Scale factors were not taken into account in this study. Models that incorporate scale, such as scale-adjusted latent class models allow for exploration of variation in scale and preferences within individual classes. However, consistent with the goals of our study and our nontechnical audience, we chose to use a simple latent class model to explore preference differences. This decision balanced the simplicity of the model with the potential benefits of including the scale factor [47].

5 Conclusions

In this study, a choice simulation crafted a specific market scenario featuring diverse therapy options, allowing for predictions of participant preferences within the latent classes. The results revealed substantial market shares for therapies with low mortality and hospitalization risks in three of four classes, particularly when accompanied by significant mobility improvements.

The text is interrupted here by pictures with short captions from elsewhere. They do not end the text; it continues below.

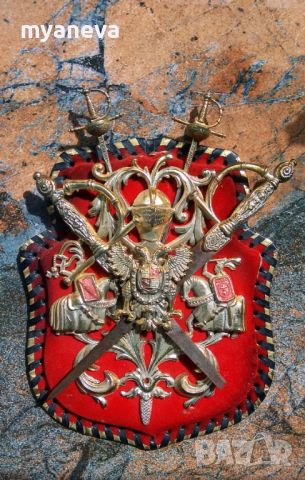 Toledo сувенир, рицарски герб с подвижни , метални шпаги . , снимка 3 - Колекции - 45731633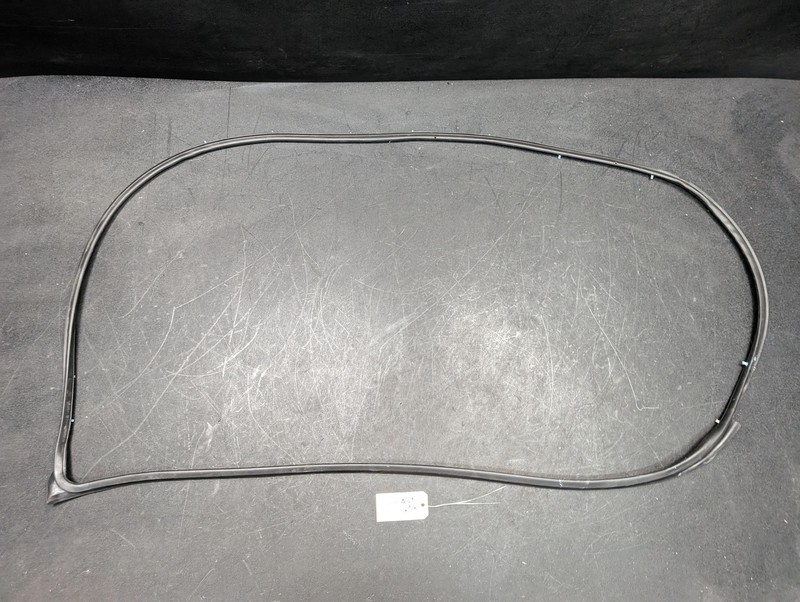 Front Right Door Weatherstrip 2022 Honda Accord 72310-TVA-A01 2018 2019 - 2023
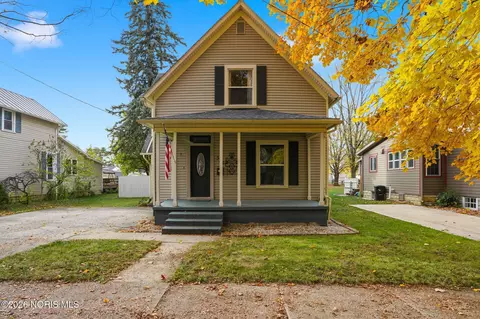 523 Center St, Findlay, OH 45840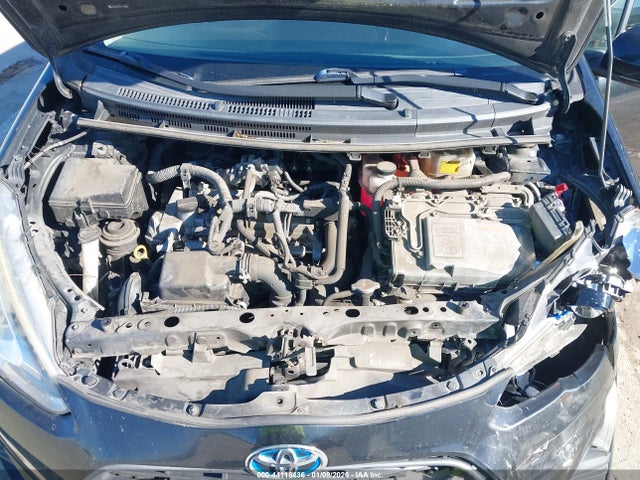JTDKDTB33G1590365 Toyota Prius C One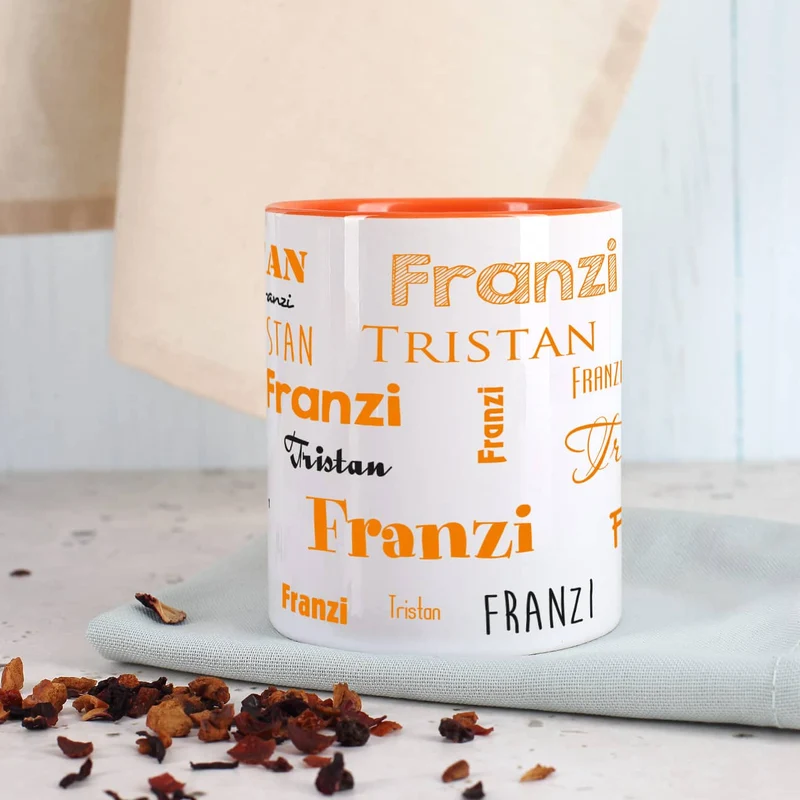 Tasse mit zwei Namen in verschiedenen Schriftarten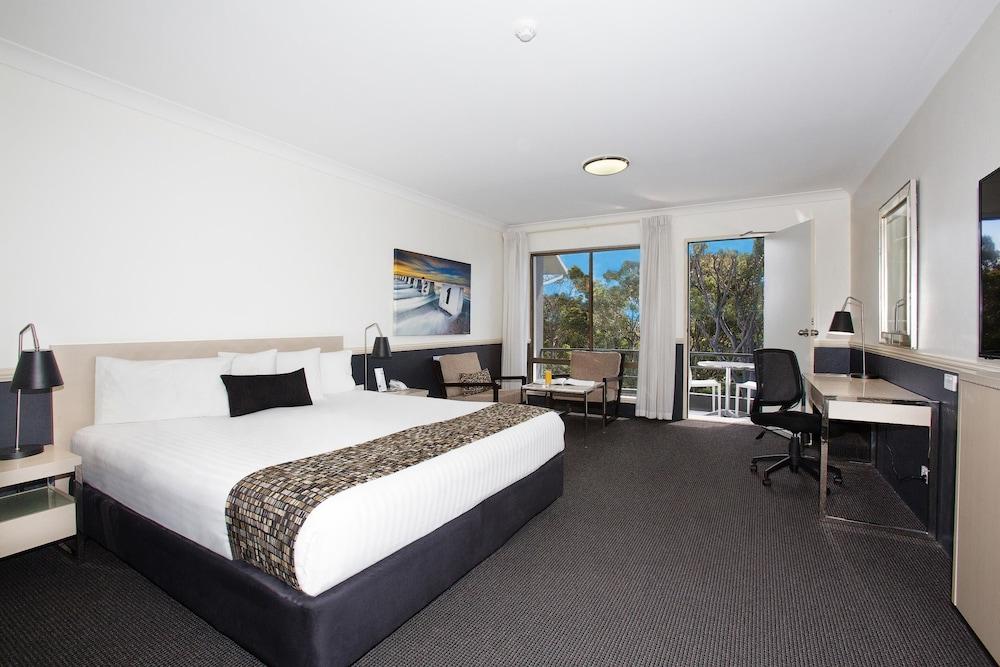 Best Western Plus Apollo International Hotel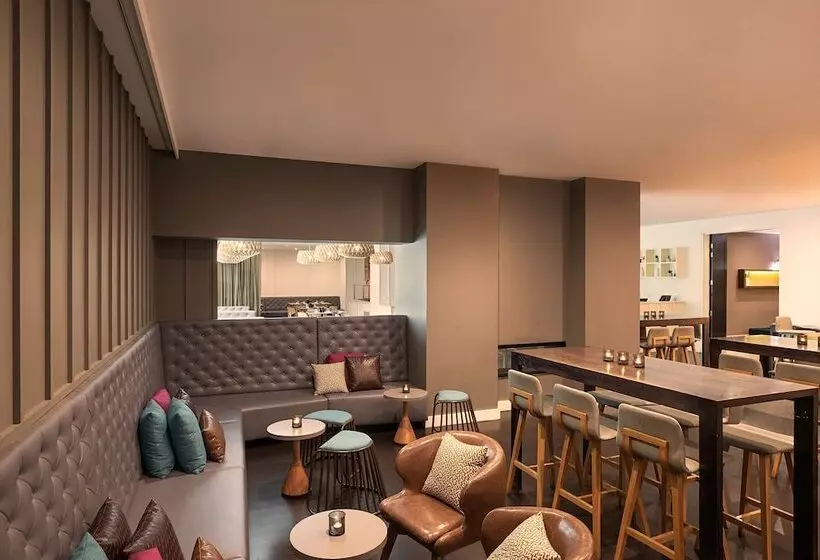 Отель Mantra On Russell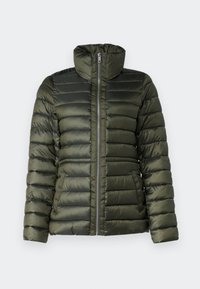 Giubbotto imbottito di colore verde oliva, con colletto alto, chiusura frontale con zip e motivo trapuntato verticale. Realizzato in tessuto lucido e liscio.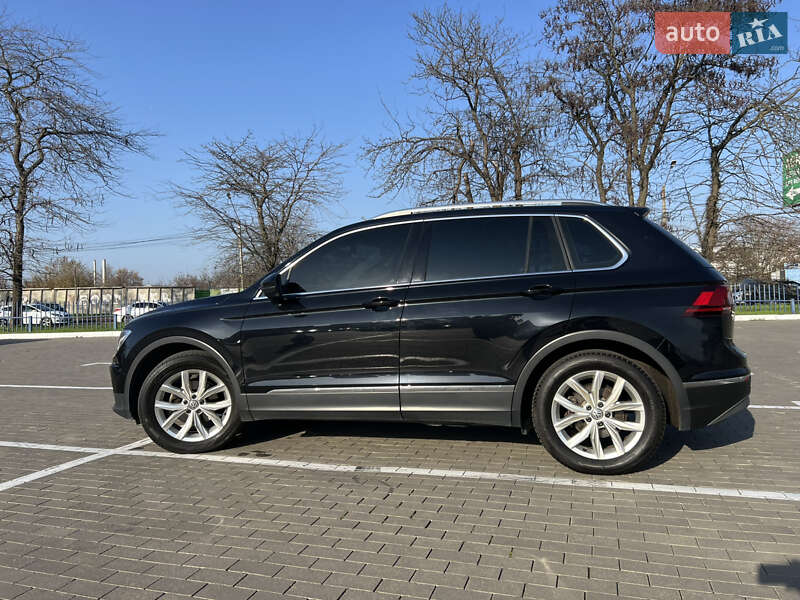 Внедорожник / Кроссовер Volkswagen Tiguan 2019 в Одессе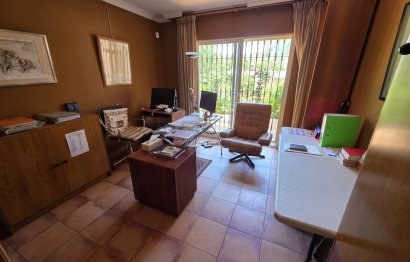 Resale - House - Detached Villa - Marbella - Marbesa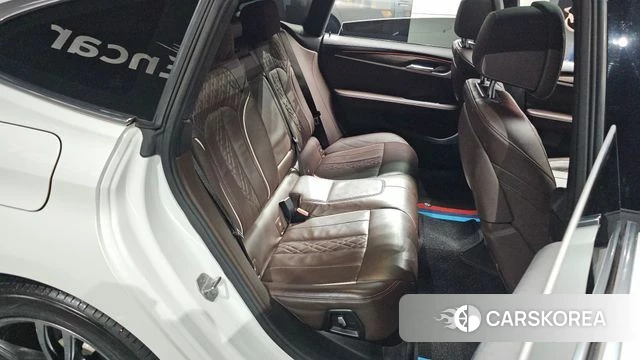BMW 6 Series GT (G32) 2020 Белый из Кореи, фото 2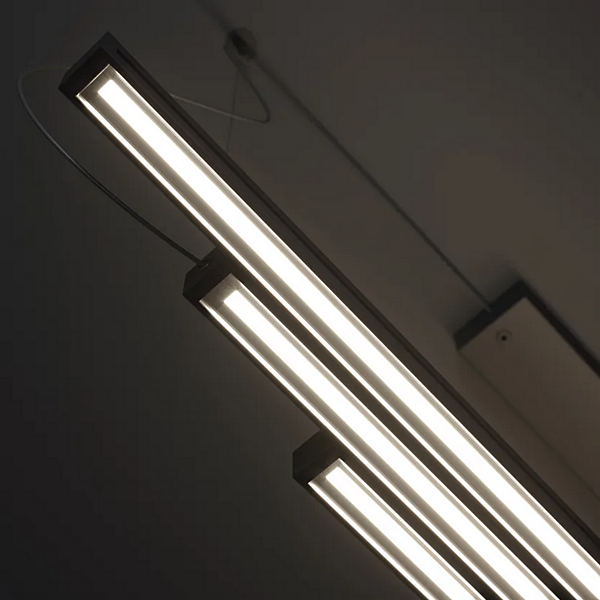 Suspension en aluminium anodisé LED Fabbian Glide usine Fabbian de l'Italie. Foto №5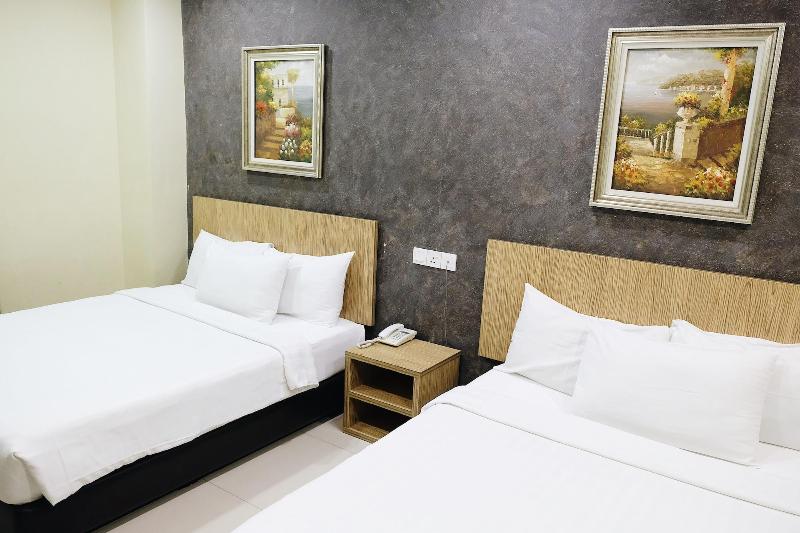 Era Plus Hotel image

BWS provides a practical avenue to enhance patient-provider communication, support clinical and allocative decision- making, and improve the interpretation of clinical data. Despite its advantages, the study has limitations, notably the constrained predictive capabilities of market choice simulations, which forecast potential preferences for nonexisting products. These projections may not align with actual preferences.

In essence, these findings have the potential to significantly enhance patient care effectiveness and benefits. Tailoring medical interventions to individual preferences in chronic heart failure treatment can boost patient satisfaction, treatment adherence, and clinical outcomes. Policymakers can incorporate these insights into resource allocation and healthcare optimization, ultimately improving overall patient care.

In summary, our focus on patient preferences offers avenues for direct improvements in treatment decisions at the patient group level.